いちいCEは平成9年稼働の自然乾燥方式のCE(当時の貯蔵能力は3000t)で、その後、冷却装置を設置し、タワーサイロ(貯蔵能力1500t)を増設。いまは同JAのほかのCEも採用している方法で、いちいCEはその先駆的な役割を果たした。
籾の受け入れを前には貯蔵ビンの清掃に追われる(50t貯蔵の角ビン。77器ある)
米は販売高の7割強
品種ごとの利用状況を令和元年度でみると、5基のCEで1万3100t余り。うち「こしいぶき」が約6600t(50・9%)で、次いで「コシヒカリ」が約6300t(48・6%)となっている。平成元年度の同JAの米販売取扱高は約90億円で、2位の果実(13億円)を大きく引き離し、農畜産物の全販売高約125億円の7割以上を占める基幹作目。特栽米のコシヒカリを「難関突破米」として販売に力を入れている。
同JAの高山栄代表理事理事長は「昨年は主力のコシヒカリが台風の影響で品質が低下し、販売に苦戦した。そのため今年は、相当、力をいれて指導してきた」と、品質に影響を与えるこれからの気候と、米の品質管理に特に気を遣っている。
JAにいがた南蒲で、その年のCEの運営方針を決めるのは「CE広域利用連絡協議会」だ。5地区のカントリーエレベーター利用者協議会から2名ずつ選出された生産者代表で構成し、当該年度のCEの運営方針などを決め、それをもとに地区ごとに何回かの利用者協議会を開き、CEの稼働計画・稲の刈り取りなど具体的な計画を協議する。

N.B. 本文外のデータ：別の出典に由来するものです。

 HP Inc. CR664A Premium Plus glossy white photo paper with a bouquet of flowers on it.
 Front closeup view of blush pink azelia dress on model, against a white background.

具体的なCEの運営にあたっては、特に(1)記帳類の統一、定期的な巡回など全CE担当者による情報共有・意思統一、(2)品質事故が発生したとき、早急に原因究明できるようトレース訓練の実施、(3)新任オペレーターの育成など職員教育、(4)特に繁忙期に備え、安全作業に向けた意識統一などに留意している。
この取り組みのなかで、同JAでは研修への積極的な参加を促す。毎年2名ずつのオペレーターを育成しており、現在22名のオペレーターを確保。また作業の安全に関しては、毎日、作業を始める前にKY(危険予測)による注意喚起や、危険個所のバイロン(カラーコーン)の設置や動線の確保を徹底している。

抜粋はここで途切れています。